Rotavirus remains the most common cause of severe childhood diarrhea worldwide and of diarrheal mortality in poor countries. In 2003, the GAVI Alliance launched the Rotavirus Vaccine Program and the Accelerated Development and Introduction Plan to close the gap of access to rotavirus vaccines in industrialized and developing countries by generating data on rotavirus disease burden, projected impact, and cost-effectiveness of vaccination and by conducting clinical trials of existing vaccines in impoverished settings. By the end of 2008, rotavirus vaccines were licensed in >100 countries, although only 17 countries have introduced routine rotavirus vaccination. Increased uptake of the vaccine by countries with the highest childhood mortality will depend in part on a solid evidence base of estimated burden and cost of rotavirus illness. Since 2001, regional surveillance networks worldwide have generated burden and strain data from 196 sites in 59 countries. Among children aged <5 years who are hospitalized for severe diarrhea in different regions of the world, a regional median of 39% (range by country, 20%-73%) test positive for rotavirus.

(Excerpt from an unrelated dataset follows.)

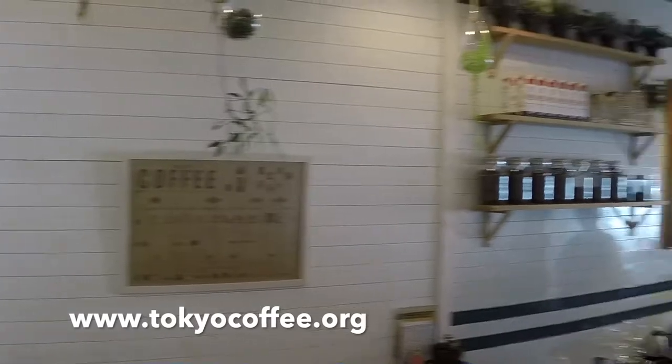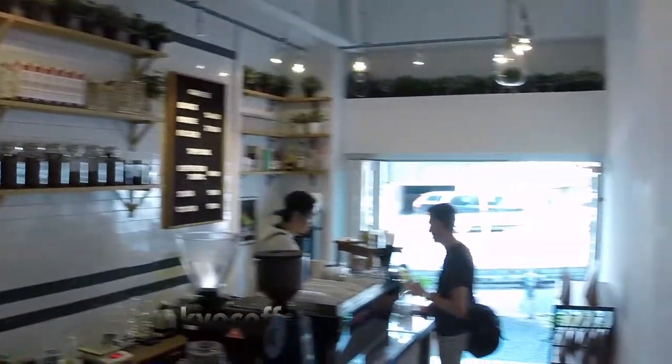Hey, what's going on folks, Eric from Tokyo Coffee here outside of Daikanyama station. Today we're going to check out Perch Coffee by Woodbury Coffee Roasters. It's a relatively new cafe, so it's very clean, very streamlined, very modern design, and they have some really good coffee. So let's get over there.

Rotavirus vaccines are a cost-effective intervention and may be cost saving with a GAVI Alliance subsidy from the health care perspective. Punctual vaccination and high coverage of populations at highest risk of mortality will maximize the impact of vaccination. Surveillance platforms will allow measurement of the rapid impact of rotavirus vaccine introduction on the heavy burden of rotavirus on child health worldwide.

PMID:
19817589
[PubMed - indexed for MEDLINE]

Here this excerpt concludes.